What is required: Which lines below hold the word "Heart"? Copy all of them.

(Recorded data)
****
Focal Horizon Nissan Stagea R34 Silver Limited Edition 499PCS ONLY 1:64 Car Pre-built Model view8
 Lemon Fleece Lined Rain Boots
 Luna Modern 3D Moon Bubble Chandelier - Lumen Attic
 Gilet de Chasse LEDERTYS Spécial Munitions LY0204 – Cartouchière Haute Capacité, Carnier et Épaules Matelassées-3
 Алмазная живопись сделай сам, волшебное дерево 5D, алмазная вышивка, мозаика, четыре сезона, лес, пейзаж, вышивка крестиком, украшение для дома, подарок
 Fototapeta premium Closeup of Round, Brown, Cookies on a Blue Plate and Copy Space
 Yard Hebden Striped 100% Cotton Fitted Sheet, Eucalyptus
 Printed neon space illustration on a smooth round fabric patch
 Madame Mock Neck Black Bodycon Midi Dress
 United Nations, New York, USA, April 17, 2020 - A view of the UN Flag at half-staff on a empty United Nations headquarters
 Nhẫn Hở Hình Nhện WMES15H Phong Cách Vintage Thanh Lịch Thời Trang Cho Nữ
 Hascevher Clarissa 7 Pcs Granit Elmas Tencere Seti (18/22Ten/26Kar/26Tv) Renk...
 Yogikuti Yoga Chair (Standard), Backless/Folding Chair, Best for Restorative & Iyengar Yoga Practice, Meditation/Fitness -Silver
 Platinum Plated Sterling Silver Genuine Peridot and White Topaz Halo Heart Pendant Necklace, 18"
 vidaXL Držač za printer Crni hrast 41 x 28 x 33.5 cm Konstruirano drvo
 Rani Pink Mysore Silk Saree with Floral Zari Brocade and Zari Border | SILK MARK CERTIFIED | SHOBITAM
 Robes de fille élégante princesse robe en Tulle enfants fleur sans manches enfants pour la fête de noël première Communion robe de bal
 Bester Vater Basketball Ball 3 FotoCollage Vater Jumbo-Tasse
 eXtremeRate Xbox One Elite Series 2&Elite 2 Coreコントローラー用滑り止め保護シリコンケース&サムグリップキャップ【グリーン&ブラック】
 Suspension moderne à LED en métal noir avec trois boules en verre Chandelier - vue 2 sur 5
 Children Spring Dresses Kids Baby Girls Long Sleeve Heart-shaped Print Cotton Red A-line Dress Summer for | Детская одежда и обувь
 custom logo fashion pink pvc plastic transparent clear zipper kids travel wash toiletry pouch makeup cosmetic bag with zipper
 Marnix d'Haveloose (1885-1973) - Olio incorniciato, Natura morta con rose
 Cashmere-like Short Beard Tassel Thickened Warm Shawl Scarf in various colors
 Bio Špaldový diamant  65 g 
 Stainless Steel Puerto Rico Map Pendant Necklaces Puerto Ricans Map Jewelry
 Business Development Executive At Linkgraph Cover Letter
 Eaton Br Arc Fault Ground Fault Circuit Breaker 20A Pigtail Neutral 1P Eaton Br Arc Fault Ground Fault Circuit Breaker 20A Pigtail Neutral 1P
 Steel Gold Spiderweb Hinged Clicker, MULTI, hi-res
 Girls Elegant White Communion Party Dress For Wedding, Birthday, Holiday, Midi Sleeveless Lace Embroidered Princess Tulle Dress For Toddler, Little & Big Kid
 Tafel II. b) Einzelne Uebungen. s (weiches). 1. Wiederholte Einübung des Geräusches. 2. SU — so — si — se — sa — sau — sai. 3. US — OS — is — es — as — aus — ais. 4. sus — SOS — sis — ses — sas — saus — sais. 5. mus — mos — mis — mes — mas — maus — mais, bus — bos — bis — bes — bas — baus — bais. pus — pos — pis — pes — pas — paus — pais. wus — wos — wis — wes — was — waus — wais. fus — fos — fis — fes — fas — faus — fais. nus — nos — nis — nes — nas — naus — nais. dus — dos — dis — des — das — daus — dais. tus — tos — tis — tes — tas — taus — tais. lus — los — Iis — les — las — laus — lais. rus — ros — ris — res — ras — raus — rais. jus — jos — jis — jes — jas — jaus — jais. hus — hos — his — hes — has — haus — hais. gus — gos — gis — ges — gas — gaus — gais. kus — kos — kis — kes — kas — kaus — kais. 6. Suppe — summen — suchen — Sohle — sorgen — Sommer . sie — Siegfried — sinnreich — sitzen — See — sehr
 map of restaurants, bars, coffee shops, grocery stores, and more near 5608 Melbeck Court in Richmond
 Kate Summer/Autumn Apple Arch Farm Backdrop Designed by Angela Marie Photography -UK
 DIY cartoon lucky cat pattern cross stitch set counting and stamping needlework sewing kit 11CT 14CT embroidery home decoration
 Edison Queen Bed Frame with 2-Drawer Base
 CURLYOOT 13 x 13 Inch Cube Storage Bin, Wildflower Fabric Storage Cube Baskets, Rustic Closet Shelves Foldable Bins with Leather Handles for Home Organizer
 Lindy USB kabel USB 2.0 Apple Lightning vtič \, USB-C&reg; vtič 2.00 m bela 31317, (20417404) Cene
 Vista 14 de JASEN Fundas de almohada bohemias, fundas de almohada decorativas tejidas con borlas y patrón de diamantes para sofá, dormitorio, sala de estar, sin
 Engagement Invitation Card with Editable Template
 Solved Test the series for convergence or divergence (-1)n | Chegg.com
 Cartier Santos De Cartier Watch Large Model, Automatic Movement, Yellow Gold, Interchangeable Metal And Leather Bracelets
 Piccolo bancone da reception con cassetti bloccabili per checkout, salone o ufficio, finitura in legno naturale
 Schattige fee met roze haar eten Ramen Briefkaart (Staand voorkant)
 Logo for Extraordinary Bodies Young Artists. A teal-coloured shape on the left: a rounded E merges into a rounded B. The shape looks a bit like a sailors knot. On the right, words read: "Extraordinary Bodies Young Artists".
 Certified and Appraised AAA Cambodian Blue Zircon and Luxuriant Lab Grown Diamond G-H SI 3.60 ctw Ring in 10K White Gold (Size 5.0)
****
Task answer:
 Platinum Plated Sterling Silver Genuine Peridot and White Topaz Halo Heart Pendant Necklace, 18"
 Children Spring Dresses Kids Baby Girls Long Sleeve Heart-shaped Print Cotton Red A-line Dress Summer for | Детская одежда и обувь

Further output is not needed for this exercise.